Captioned web image data
----------------------------------------
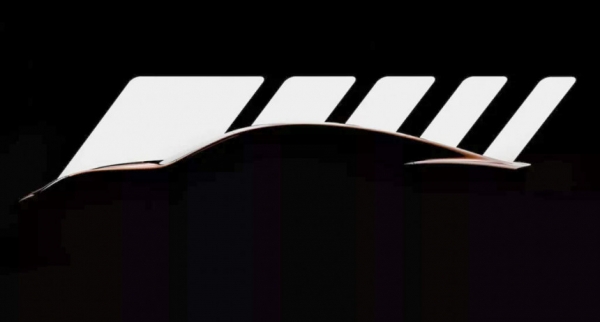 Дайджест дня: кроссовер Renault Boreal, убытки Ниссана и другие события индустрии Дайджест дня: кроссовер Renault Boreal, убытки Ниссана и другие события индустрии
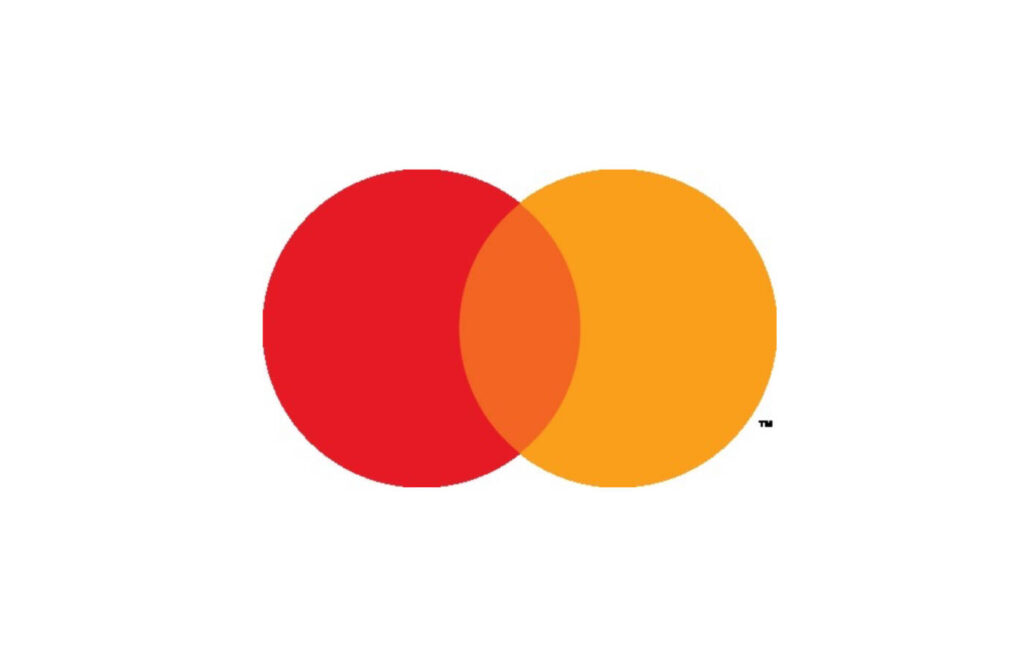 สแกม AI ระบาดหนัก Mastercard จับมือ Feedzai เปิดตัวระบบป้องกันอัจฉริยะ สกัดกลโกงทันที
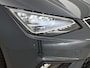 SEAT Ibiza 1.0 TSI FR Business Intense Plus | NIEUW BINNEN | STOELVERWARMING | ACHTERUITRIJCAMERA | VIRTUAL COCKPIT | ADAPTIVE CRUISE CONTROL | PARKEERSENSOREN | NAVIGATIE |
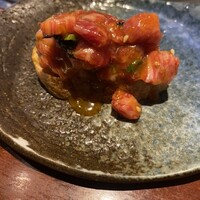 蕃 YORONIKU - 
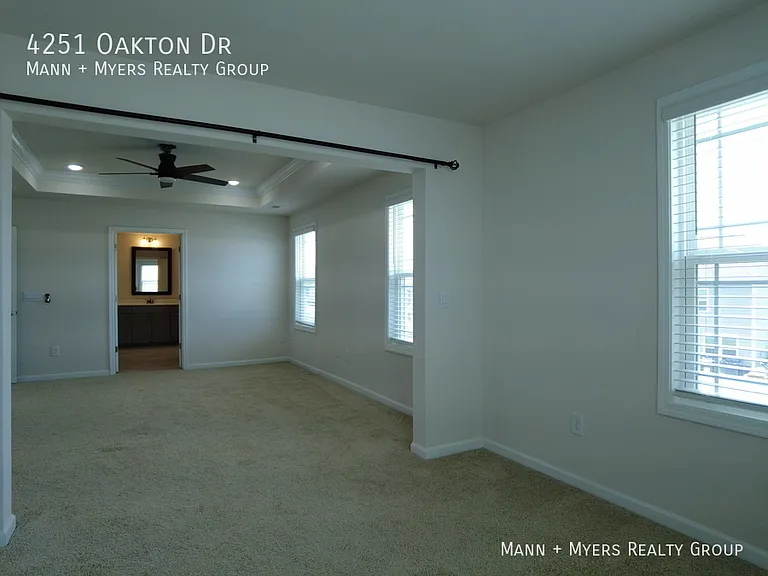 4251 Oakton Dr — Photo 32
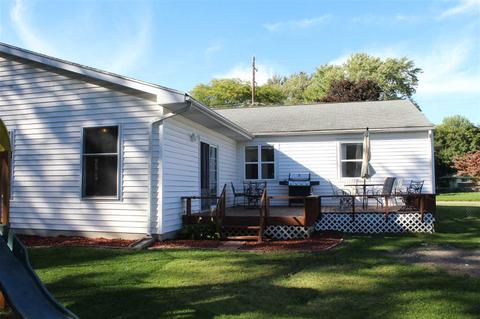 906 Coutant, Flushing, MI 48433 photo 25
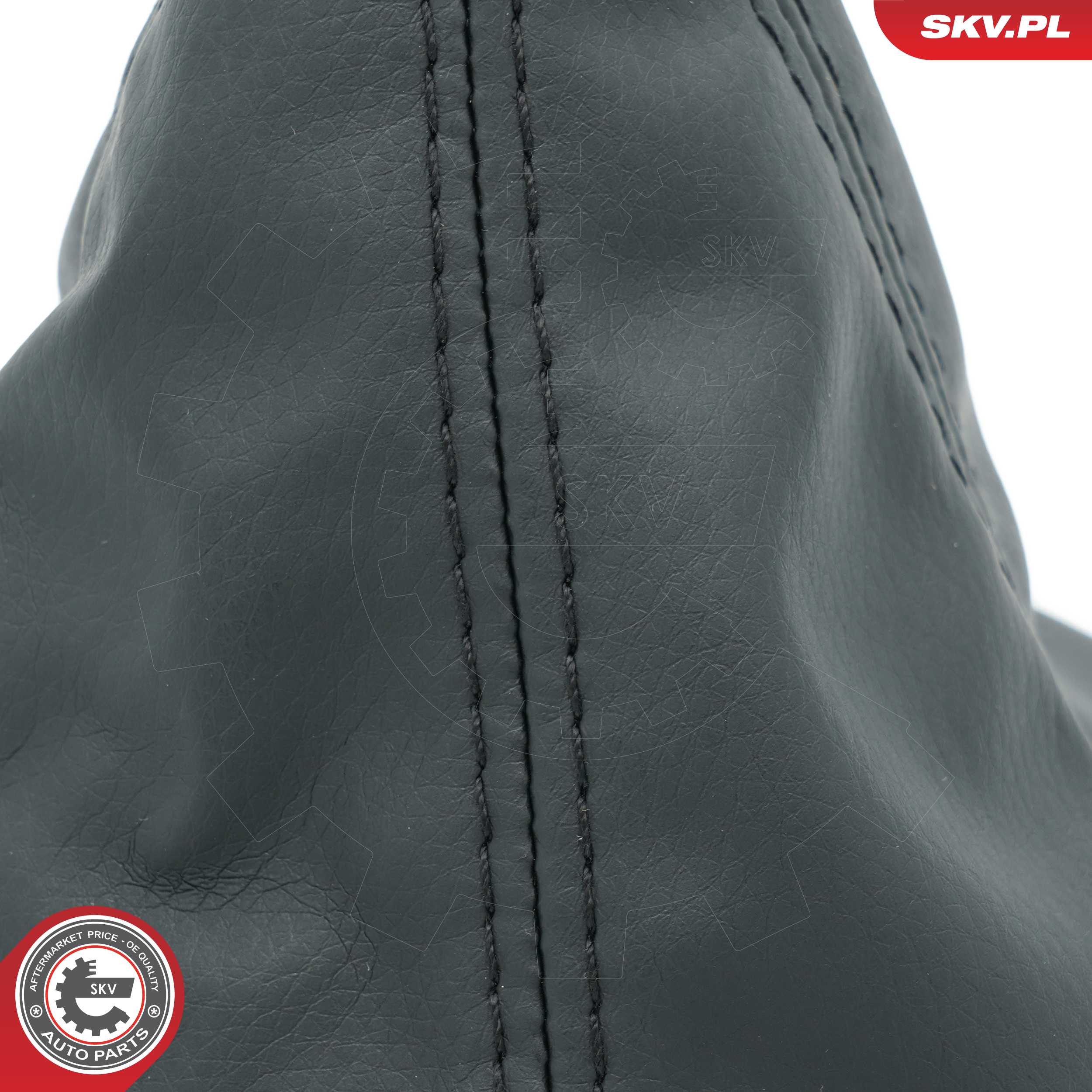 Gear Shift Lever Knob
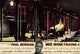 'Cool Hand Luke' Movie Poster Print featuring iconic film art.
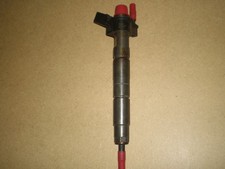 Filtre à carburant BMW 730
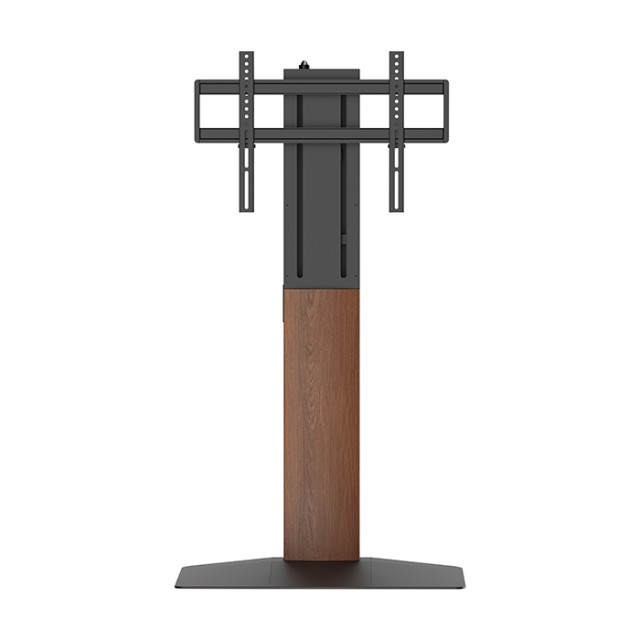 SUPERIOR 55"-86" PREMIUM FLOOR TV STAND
----------------------------------------
Activity – Transcribe, without alteration, each line from the one with "Filtre à carburant BMW 730" through the last line of the data; no pictures belong in the copy.

Completed task –
 Filtre à carburant BMW 730
 SUPERIOR 55"-86" PREMIUM FLOOR TV STAND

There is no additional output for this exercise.